Hey Guys! I found myself getting uncharacteristically crafty this week when I was coming up with low cost ways to add some hanging planters to the front porch. Last summer I made a few macrame hanging baskets for the space (which I still love) but I wanted something for the other end of the porch because of my plant hoarding problem and all. Also, I think I’m finally recovering from the crazy amount of work I had to do in the basement and am feeling very, very ready to take on small easy projects that require using tools, but don’t demand endless days to work on them. I was inspired by a mashup of this hanging planter from West Elm and this other one I found in the internet, and I decided to come up with my own version.

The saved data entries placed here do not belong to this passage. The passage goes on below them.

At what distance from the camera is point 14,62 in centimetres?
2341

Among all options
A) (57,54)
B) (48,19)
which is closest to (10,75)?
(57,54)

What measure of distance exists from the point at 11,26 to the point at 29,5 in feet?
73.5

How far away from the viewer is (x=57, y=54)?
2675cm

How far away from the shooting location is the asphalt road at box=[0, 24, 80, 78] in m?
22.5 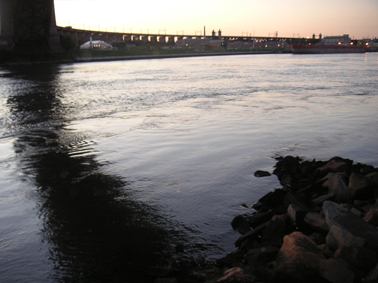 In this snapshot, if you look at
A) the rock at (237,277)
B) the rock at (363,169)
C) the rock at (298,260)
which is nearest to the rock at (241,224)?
the rock at (298,260)

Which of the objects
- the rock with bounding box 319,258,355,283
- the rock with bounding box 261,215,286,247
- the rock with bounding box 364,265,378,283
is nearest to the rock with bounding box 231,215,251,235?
the rock with bounding box 261,215,286,247

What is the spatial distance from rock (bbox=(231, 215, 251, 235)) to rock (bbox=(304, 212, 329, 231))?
73cm

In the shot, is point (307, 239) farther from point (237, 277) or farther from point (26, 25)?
point (26, 25)

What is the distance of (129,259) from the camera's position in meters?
3.87

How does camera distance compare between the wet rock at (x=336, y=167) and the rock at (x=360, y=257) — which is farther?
the wet rock at (x=336, y=167)

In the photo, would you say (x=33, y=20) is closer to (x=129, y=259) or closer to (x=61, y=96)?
(x=61, y=96)

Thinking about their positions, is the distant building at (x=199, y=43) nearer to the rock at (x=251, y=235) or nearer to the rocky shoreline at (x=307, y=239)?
the rocky shoreline at (x=307, y=239)

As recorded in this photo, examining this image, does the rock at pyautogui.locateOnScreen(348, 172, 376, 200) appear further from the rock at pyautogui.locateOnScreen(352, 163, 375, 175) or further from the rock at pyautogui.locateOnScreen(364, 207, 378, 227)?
the rock at pyautogui.locateOnScreen(352, 163, 375, 175)

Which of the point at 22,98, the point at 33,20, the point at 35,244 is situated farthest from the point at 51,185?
the point at 33,20

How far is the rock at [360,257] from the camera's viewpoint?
3041 millimetres

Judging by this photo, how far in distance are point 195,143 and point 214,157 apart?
4.20ft

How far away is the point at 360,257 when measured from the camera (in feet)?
10.1

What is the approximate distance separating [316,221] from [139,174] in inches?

I’ve added some bentwood lamps to the porch recently (which I Target hacked and I’ll be sharing real soon), and I thought these simple, scandinavian inspired geometric planters would fit right in with the overall vibe. Not to toot my own horn or anything, but I think these planters look pretty awesome. They can easily be hung at different heights and the angles will stay parallel, which the obsessive crazy in me really appreciates.
Assuming you have the basic supplies, you should be crank out three of these planters in less than three hours and for less than $38 bucks. Figuring out the basic pattern was probably the hardest part, but do you know what, I did that for you. You’re welcome. All the dimensions and angles are listed above.
Dudes, use the carpenter square to make precise angles and lines for the planter, and make sure to use the compass when tracing your circular base.
As all good bloggers do, I love spray paint. Digging through the recycling bin for the perfect sized cardboard just makes me so happy, cuz duh, that means the winter is over! I picked up this Krylon chalky paint in white and I really like it. The finish turned out really nice and perfectly matte. I will be buying it by the case fer sure.
Anyways, spray paint your 4″ clay pots first, this will they’ll be dry when it comes time to stick them in your planter.
After you have the template all mapped out on your birch plywood, start with making a large pilot hole in the center of the planter design so that you can have a starting point for your jigsaw blade. I used a 5/8″ drill bit and it was slick.
Also, use clamps to hold down the plywood while you work, I attached mine to a large work table. Geez, I’m just brimming with good tips today,
Work your way around the center of the diamond. I would recommend arcing around each corner and then come back and finish off the corners after the bulk of the center is cut out. I took a piece of 100 grit sandpaper and rounded the edges after everything was cut out.
After both the planter and the circular base are cut out using the jigsaw, drill two small pilot holes on either side of the circular base and attach to the planter with two screws.
Lastly, drill a pilot hole at the top of the planter (this is especially important as the plywood can split easily. Attach the hook and chain.
This isn’t the after picture I prefer, since my porch is barren of all real spring feelings until the weather changes and there is robins and green stuff outside, but you get the idea.